*YOUR ASSIGNMENT:* A copy of the listing below is needed, exact in every line and without images.

*RECORDED INFORMATION:*
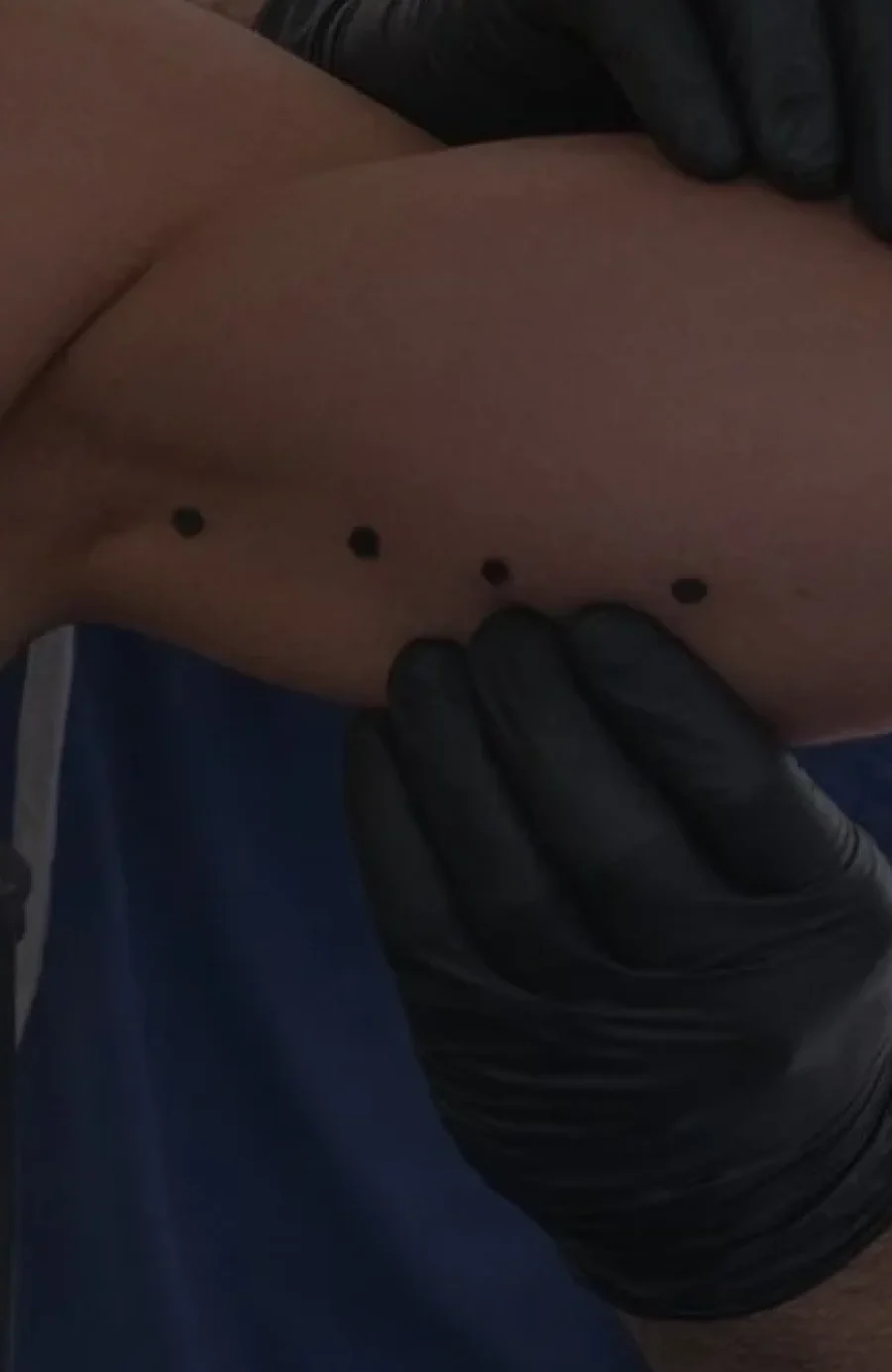 scar revision being carried out at Dr Sultan's clinic on Hollywood Road, Chelsea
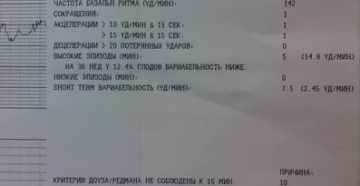 Расшифровка КТГ, не соблюдены критерии Доуз-Редмана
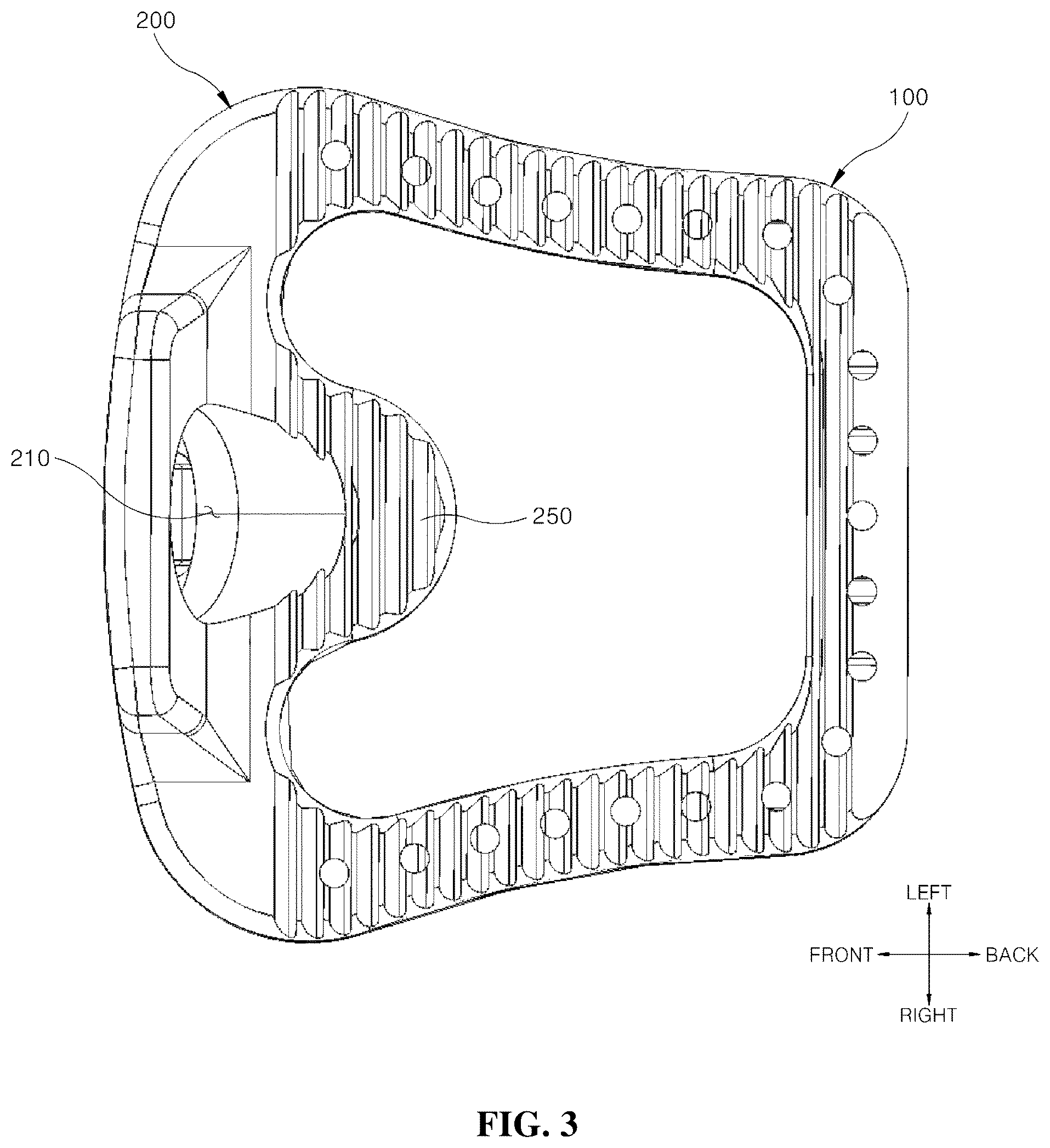 Patent US12599489 Figure 3 – Spinal cage fixable through insertion of bone screws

*FINISHED TASK:*
 scar revision being carried out at Dr Sultan's clinic on Hollywood Road, Chelsea
 Расшифровка КТГ, не соблюдены критерии Доуз-Редмана
 Patent US12599489 Figure 3 – Spinal cage fixable through insertion of bone screws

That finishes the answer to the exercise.